For the reservation procedure. The denormalized schema design will be based on queries, and might be replicated across different tables, contrary to the E-R model for SQL schemas:
Here’s also a fun exercise you can do with the example in Scylla’s User Stories section. Imagine a Pet Care service where each user tags their pets with remote monitor sensors (e.g. for heart rate, Geolocation, and other metrics). And you’ll need to design an application to log and query the metrics for each pet.
So you’re working for a service for pet health monitoring. You’ll need to design the backend service that saves and queries pet’s health metrics over time for all customers and their pets. Each pet monitor gathers data and saves in the backend database, which is Cassandra in this case. And you’ll need to design the schema to fit in the Cassandra model.

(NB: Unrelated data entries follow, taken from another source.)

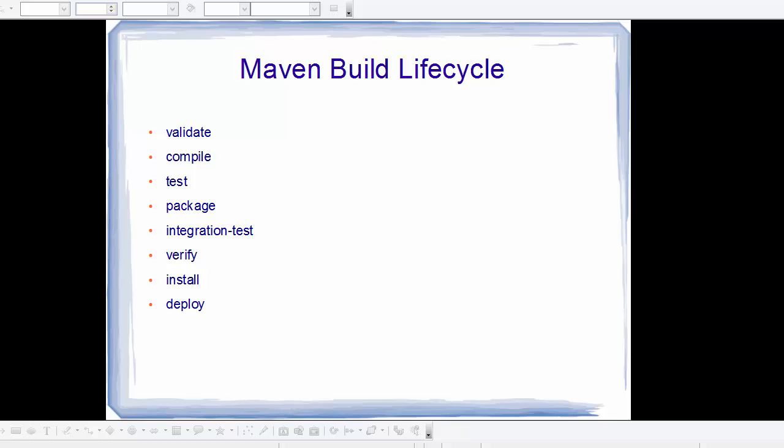Hello guys, welcome to the next video on Maven tutorial for beginners. In the last video we saw some commands to build our Maven project and create a jar file. Now in this video we'll see how Maven build lifecycle works.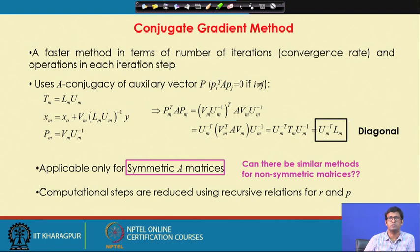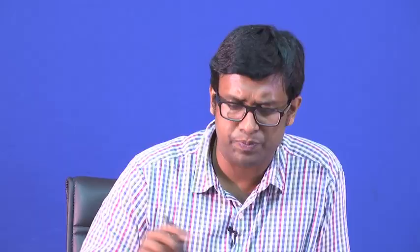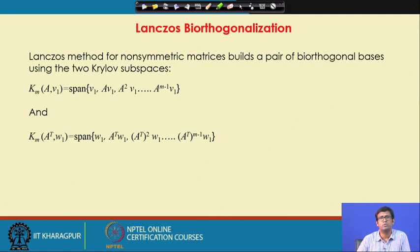The question is: can there be similar methods for non-symmetric matrices? For that we explore other variants of Krylov subspace methods. One idea is: if we use the Krylov space of A for K_m, can we use the Krylov space of A^T as L_m, so that A + A^T is a symmetric matrix, taking care of the asymmetricity? Lanczos biorthogonalization exactly looks into two Krylov subspaces—one of A and one of A^T.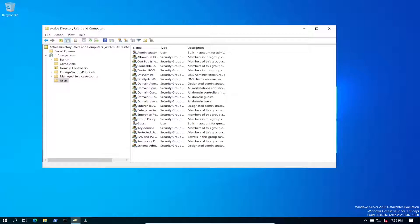In this video we just wanted to get the file server joined to the domain. Next we're going to install Admin Center.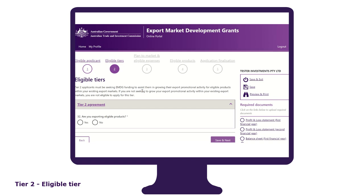The eligible tier tab has been designed to ask you questions that are specific to the tier that you have selected. It is within this tab that you will answer a series of questions that will determine if you are eligible for the tier and be prompted to upload supporting documents to prove your eligibility. As a tier 2 applicant, you must demonstrate that you have previously exported in the markets that you intend to promote.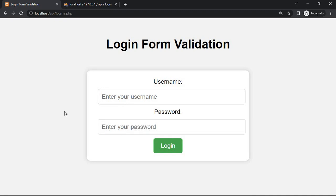If the user ID is wrong in this form and the password is correct, then we will find that the user ID is wrong. And vice versa, if the user ID is correct and the password is wrong, then we will find that the password is wrong.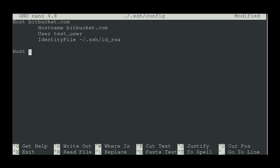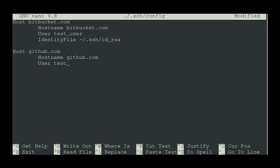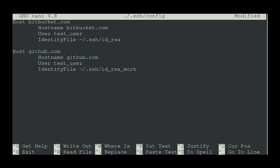For the second account — GitHub — under this profile I need to give the HostName as github.com. Define the User — you can use the same user if both repositories share the same username, or define two different usernames. Then define the IdentityFile. The identity file for GitHub will be the second key: id_rsa_work. This is how the configuration file looks. All local configuration is now complete, and you can save this file.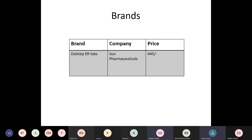The brands available of Dalfampridine in India are by Sun Pharmaceuticals, known as DALSTEP ER tablets — extended-release 10 mg oral tablets. The price of one sheet of 10 tablets is about 445 rupees.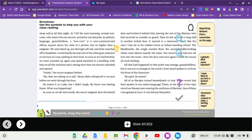The blackboards, the rough wooden floor, the uncomfortable-looking chairs were almost exactly the same. Our escort, who had not set foot into the room, shut the door, and once again I heard the sound of a lock clicking. All that had happened to that point was strange, grandchildren, but it was not as strange as the words I then heard spoken to us from the front of the classroom. Be quiet. Be seated.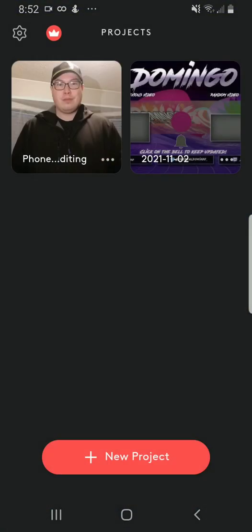Greetings everyone, this is Domingo with you today. Hope you're doing fantastic, and today we're going to be teaching you how to use VidLeap.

From the database, you’ll need provide following queries:
- Query by owner ID, returns owner’s account info.
- Query by owner ID, returns owner’s pets information.
- Query by pet ID, returns the sensors info.
- Query by sensor ID, returns the time-series data from the sensor.
Try design the tables and see if your solution is close to the example’s.
- On Chetbotko Diagram: https://www.researchgate.net/publication/308856170_A_Big_Data_Modeling_Methodology_for_Apache_Cassandra
- Scylla Example: https://www.scylladb.com/2020/09/09/carepet-an-example-iot-use-case-for-hands-on-app-developers/
- My Previous Notes on NoSQL Data Modeling: https://blog.kevinhu.me/2020/07/03/03-Cassandra-Data-Modeling/
- Detailed Guide From DataStax: https://www.datastax.com/sites/default/files/content/whitepaper/files/2019-10/CM2019236 - Data Modeling in Apache Cassandra ™ White Paper-4.pdf
To summarize, Cassandra’s architectural design decides that:
- Cassandra has some special use cases. Understand when you should choose Cassandra and when you should not.
- Data Modeling: design with query-oriented，denormalized schema. Start with the query diagram in your applications, and not E-R models.
- Data Modeling: pick a composite key with partition key and clustering key in mind.
- Transactions in Cassandra is possible, but is painful and with lots of limitations. Try to avoid them.
- Just like any other databases, there are several maintenance burdens to keep in mind for best correctness and performance. Better understanding of the inner workings grants you better stability, performance, and less unpleasant surprises.
It’s a powerful tool with its limitations. When used in the right scenarios, it can be a formidable weapon in your arsenal.
If you feel like Cassandra can be a good fit for your application, you can then go on to learn more about:
- Its architecture design:
- Merkel Tree Anti-entropy Process.
- Advanced queries and use cases:
- Batch updates.
- Lightweight Paxos procedure.
- Materialized views.
- Deployment, maintainance, and other operations around Cassandra.
- CQL, language drivers, and actual appliaction implementation.